Problem Set 7

Due Friday, November 12 at 2:30 pm Pacific

Solutions are available!

🔑 Solutions

What can you do with regular expressions? What are the limits of regular languages? And how does the material on discrete structures from the first half of this quarter come into play in this latter half on automata and computation? In this problem set, you'll explore the answers to these questions along with their practical consequences.

As always, please feel free to drop by office hours, ask on EdStem, or send us emails if you have any questions. We'd be happy to help out.

Good luck, and have fun!

Starter Files

Here are the starter files for the problems you'll submit electronically:

📦 PS7 Starter Files

Unpack the files somewhere convenient and open up the bundled project.

If you would like to type your solutions in $\LaTeX$, you may want to download this template file where you can place your answers:

🖋 PS7 $\LaTeX$ Template

Problem One: Designing Regular Expressions

Below are a list of alphabets and languages over those alphabets. For each language, write a regular expression for that language. Provide your answers by downloading the starter files for Problem Set Seven from Canvas and editing the file res/RegularExpressions.regexes. (Unlike the DFA/NFA editor from last time, you’ll need to manually edit these files by opening them in Qt Creator.) Feel free to test your answers locally, and submit your work on GradeScope.

Let $\Sigma = \Set{\mathtt{a}, \mathtt{b}, \mathtt{c}, \mathtt{d}, \mathtt{e}}$. Write a regular expression for the language $L$ = { $w \in \Sigma^\star \suchthat$ the letters in $w$ are sorted alphabetically }. For example, $\mathtt{abcde} \in L$, $\mathtt{bee} \in L$, $\mathtt{a} \in L$ and $\varepsilon \in L$, but $\mathtt{decade} \notin L$.

Write a regular expression for the complement of the language from part (i) of this problem.

Like NFAs and unlike DFAs, there isn't a simple construction that starts with a regex for $L$ and turns it into a regex for $\overline{L}$.

On Unix-style operating systems like macOS or Linux, files are organized into directories. You can reference a file by giving a path to the file, a series of directory names separated by slashes. For example, the path /home/username/ might represent a user’s home directory, and a path like /home/username/Documents/PS7.tex might represent that person’s solution to this problem set. Paths that start with a slash character are called absolute paths and say exactly where the file is on disk. Paths that don’t start with a slash are called relative paths and say where, relative to the current folder, a file can be found. For example, if I’m logged into my computer and am in my home folder, I could look up the file Documents/PS7.tex to find my solution to this problem set.

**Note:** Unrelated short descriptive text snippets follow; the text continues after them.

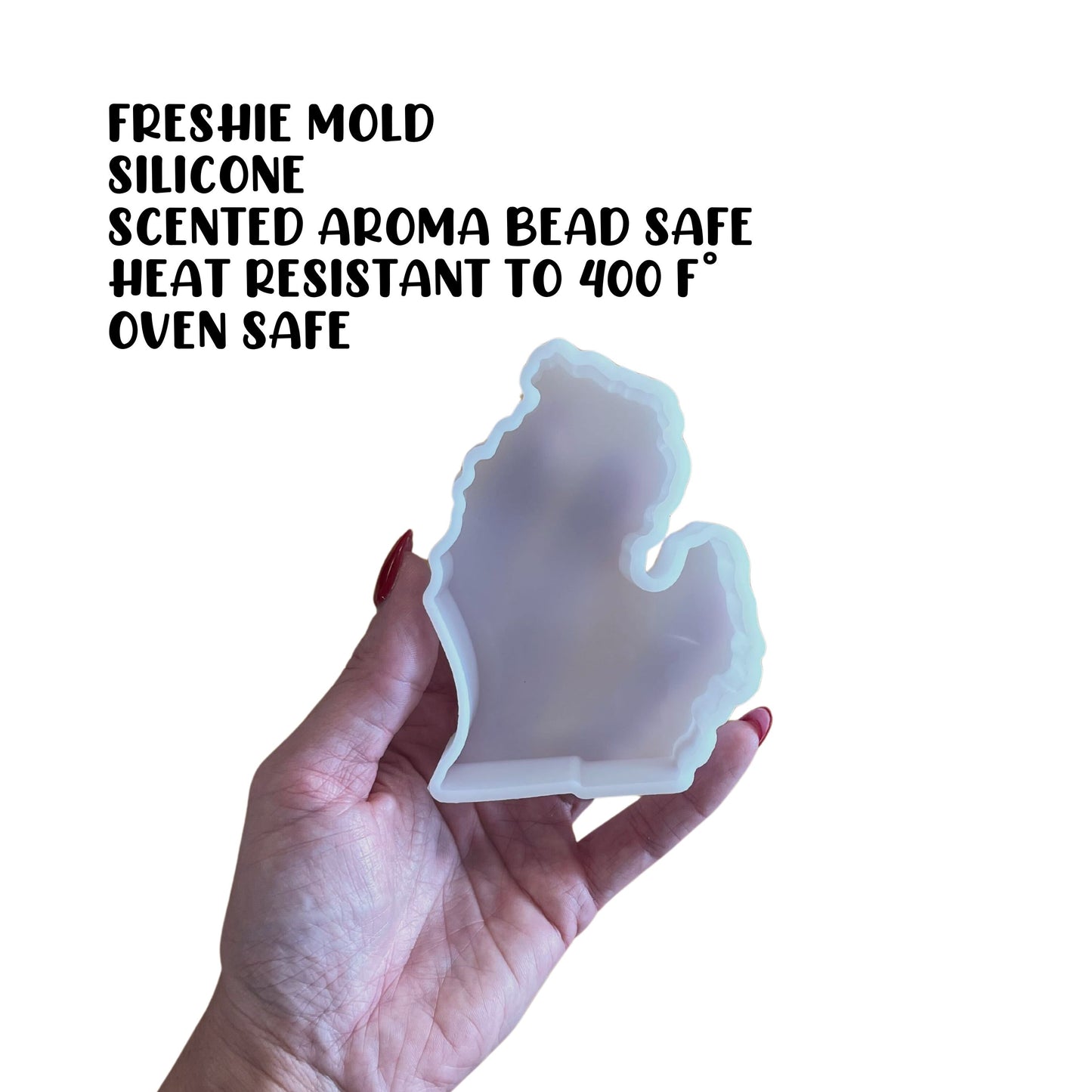 State of Michigan Football Silicone Mold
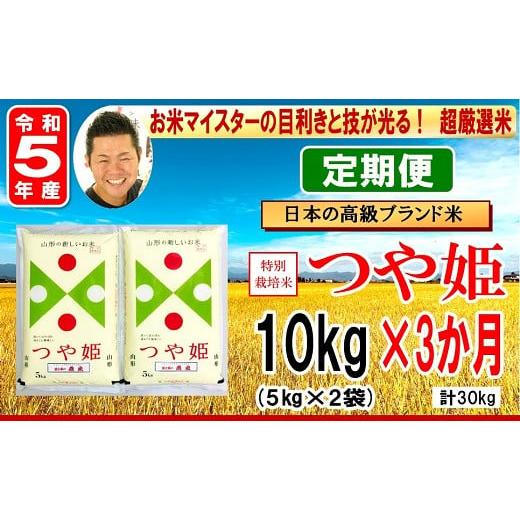 ふるさと納税 山形県 米沢市  特別栽培米 つや姫 計10kg／月 1回配送 5kg×2袋 お米マイスター厳選米 ブランド米 202…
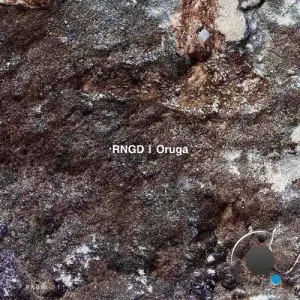 RNGD - Oruga (2026)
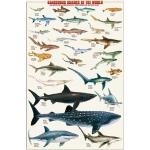 Wielokolorowe Plakaty edukacyjne z motywem rekinów marki Empireposter 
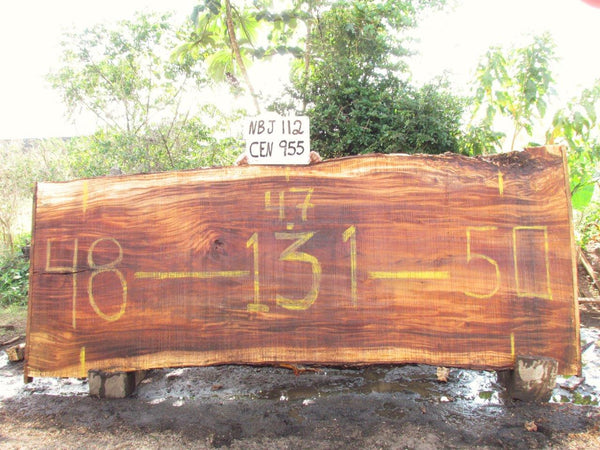 Monkey pod 131"x48"x3" NBJ112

The general pattern here is that a file path consists of a series of directory or file names separated by slashes. That path might optionally start with a slash, but isn’t required to, and it might optionally end with a slash, but isn’t required to. However, you can’t have two consecutive slashes.

Let $\Sigma = \Set{\mathtt{a}, \mathtt{/}}$. Write a regular expression for $L$ = { $w \in \Sigma^\star \suchthat w$ represents the name of a file path on a Unix-style system }. For example, $\mathtt{/aaa/a/aa} \in L$, $\mathtt{/} \in L$, $\mathtt{a} \in L$, $\mathtt{/a/a/a/} \in L$, and $\mathtt{aaa/} \in L$, but $\mathtt{//a//} \notin L$, $\mathtt{a//a} \notin L$, and $\varepsilon \notin L$.

Fun fact: this problem comes from former CS103 instructor Amy Liu, who fixed a bug in industrial code that arose when someone wrote the wrong regex for this language. Oops.

Suppose you are taking a walk with your dog on a leash of length two. Let $\Sigma = \Set{\mathtt{y}, \mathtt{d}}$ and let $L$ = { $w \in \Sigma^\star \suchthat w$ represents a walk with your dog on a leash where you and your dog both end up at the same location }. For example, we have $\mathtt{yyddddyy} \in L$ because you and your dog are never more than two steps apart and both of you end up four steps ahead of where you started; similarly, $\mathtt{ddydyy} \in L$. However, $\mathtt{yyyydddd} \notin L$, since halfway through your walk you’re three steps ahead of your dog; $\mathtt{ddyd} \notin L$, because your dog ends up two steps ahead of you; and $\mathtt{ddyddyyy} \notin L$, because at one point your dog is three steps ahead of you.

Write a regular expression for $L$.

Note that, unlike Problem Set Six, you and your dog must end at the same position.

Let $\Sigma = \Set{\mathtt{M}, \mathtt{D}, \mathtt{C}, \mathtt{L}, \mathtt{X}, \mathtt{V}, \mathtt{I}}$ and let $L$ = { $w \in \Sigma^\star \suchthat w$ is number less than $2,000$ represented in Roman numerals }. For example, $\mathtt{CMXCIX} \in L$, since it represents the number $999$, as are the strings L (50), VIII (8), DCLXVI (666), CXXXVII (137), CDXII (412), and MDCXVIII (1,618). However, we have that $\mathtt{VIIII} \notin L$ (you'll never have four I's in a row; use IX or IV instead), that $\mathtt{MM} \notin L$ (it's a Roman numeral, but it's for $2,000$, which is too large), that $\mathtt{VX} \notin L$ (this isn't a valid Roman numeral), and that $\mathtt{IM} \notin L$ (the notation of using a smaller digit to subtract from a larger one only lets you use I to prefix V and X, or X to prefix L and C, or C to prefix D and M). The Romans didn't have a way of expressing $0$, so to make your life easier we'll say that $\varepsilon \in L$ and that the empty string represents $0$. (Oh, those silly Romans.)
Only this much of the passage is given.